Microsoft and Truist answered a call from the US government’s Federal Deposit Insurance Corporation four years ago to create a pooled investment fund to finance mission-driven banks in underbanked US communities.
The corporations helped launch the Mission Driven Bank Fund with an initial $120 million, which also included an anchor commitment from Warner Brothers Discovery.
The private investment fund sought to raise $500 million to offer flexible, below-market-rate capital and technical assistance to FDIC-insured, mission-driven banks as well as federally designated minority depository institutions and community development financial institutions. It has raised just over $70 million in additional funds.
The Mission Driven Bank Fund (unaffiliated with Mission Driven Finance) has secured commitments from banks including Enterprise Bank and Trust, Hancock Whitney Bank, Banner Bank and Lake City Bank.
Community Finance
The fund has backed 10 mission-driven banks to date, including Grand Bank for Savings, or Grand.bank, a minority depository institution and federal savings bank in Hattiesburg, Mississippi.
Grand.bank has a goal to improve the financial wellbeing of more than a million people in the state’s underserved communities by 2030. The community bank hopes to do so through “affordable homeownership” products like down-payment assistant loans and seller-financed mortgages for first-time home buyers.

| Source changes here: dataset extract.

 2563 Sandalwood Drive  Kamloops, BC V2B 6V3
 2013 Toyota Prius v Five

“The financial and technical services support of the Mission Driven Bank Fund will help us reach that goal,” said Grand.bank’s Chris Sawyer. Mission Driven Bank declined to disclose the investment amount.

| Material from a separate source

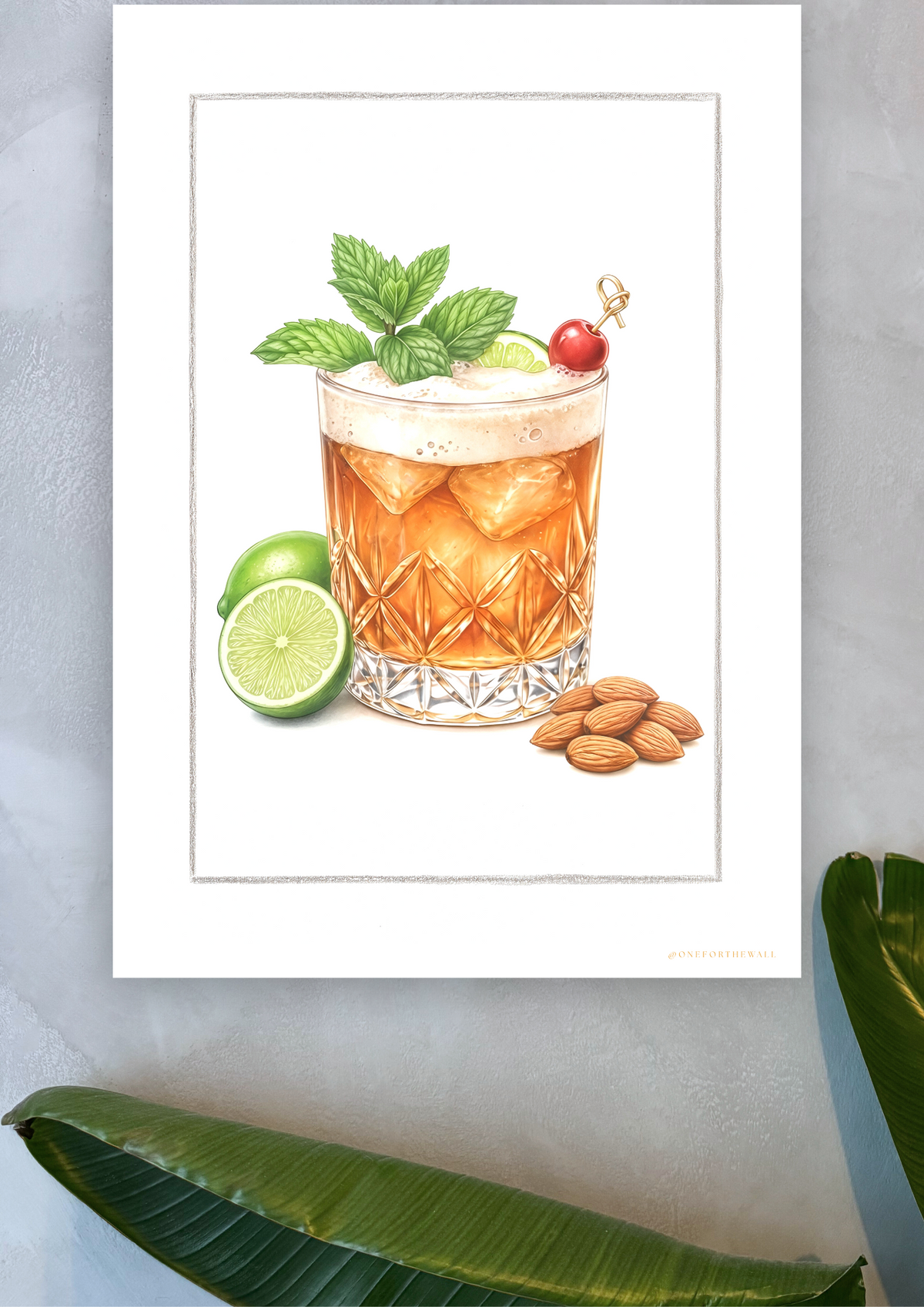 Amaretto Sour plakat på lys blå kalkvæg med palmeblade – nordisk cocktailkunst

Other banks in Mission Driven Bank’s portfolio include American Bank, an MDI in Texas, and FNBC Bank, a CDFI that operates in Arkansas and Missouri’s underserved communities.
Bridging wealth gaps
Mission Driven Bank, co-managed by Black-led asset management firm Elizabeth Park Capital Management and impact investor Calvert Impact, has a pipeline of 300 mission-driven MDI and CDFI banks the managers believe could make a dent in the racial wealth gap by expanding the financial capacity of local banks to finance homeowners and small businesses.
Misperception of risk and other racial biases in lending from national lenders have also played a key role.
Just 142 of the approximately 4,500 banks and savings institutions the FDIC insures qualify as minority depository institutions with 51% or more of the voting stock owned by minority individuals.